TASK DESCRIPTION: Use the entries below and reproduce exactly the lines from the one containing "Now we will" down to the one containing "Welcome to Fast", both of them included.

THE INPUT:
--
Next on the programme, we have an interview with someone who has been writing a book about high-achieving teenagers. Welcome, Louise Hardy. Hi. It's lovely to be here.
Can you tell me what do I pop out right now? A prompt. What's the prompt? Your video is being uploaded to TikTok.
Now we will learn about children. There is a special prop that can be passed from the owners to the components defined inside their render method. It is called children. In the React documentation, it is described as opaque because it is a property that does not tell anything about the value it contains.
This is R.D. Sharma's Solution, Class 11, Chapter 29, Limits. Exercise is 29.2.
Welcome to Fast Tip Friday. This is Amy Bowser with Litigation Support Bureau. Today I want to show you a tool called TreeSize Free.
--
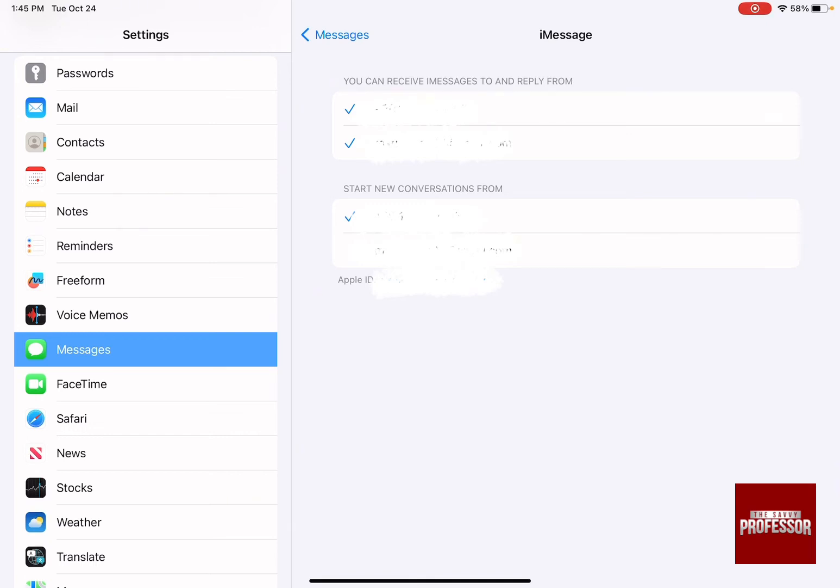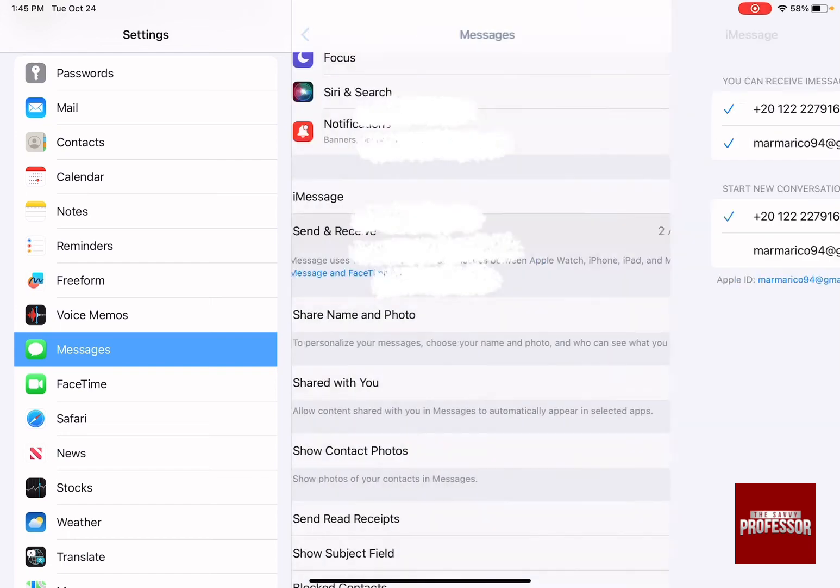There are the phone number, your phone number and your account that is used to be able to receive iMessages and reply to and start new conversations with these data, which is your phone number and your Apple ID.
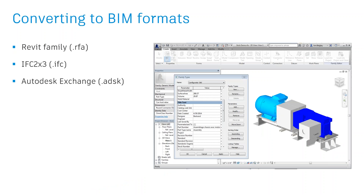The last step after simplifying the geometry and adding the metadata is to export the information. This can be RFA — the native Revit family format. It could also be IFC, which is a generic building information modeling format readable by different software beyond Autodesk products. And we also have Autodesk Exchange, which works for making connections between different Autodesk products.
--
TASK OUTPUT:
Now we will learn about children. There is a special prop that can be passed from the owners to the components defined inside their render method. It is called children. In the React documentation, it is described as opaque because it is a property that does not tell anything about the value it contains.
This is R.D. Sharma's Solution, Class 11, Chapter 29, Limits. Exercise is 29.2.
Welcome to Fast Tip Friday. This is Amy Bowser with Litigation Support Bureau. Today I want to show you a tool called TreeSize Free.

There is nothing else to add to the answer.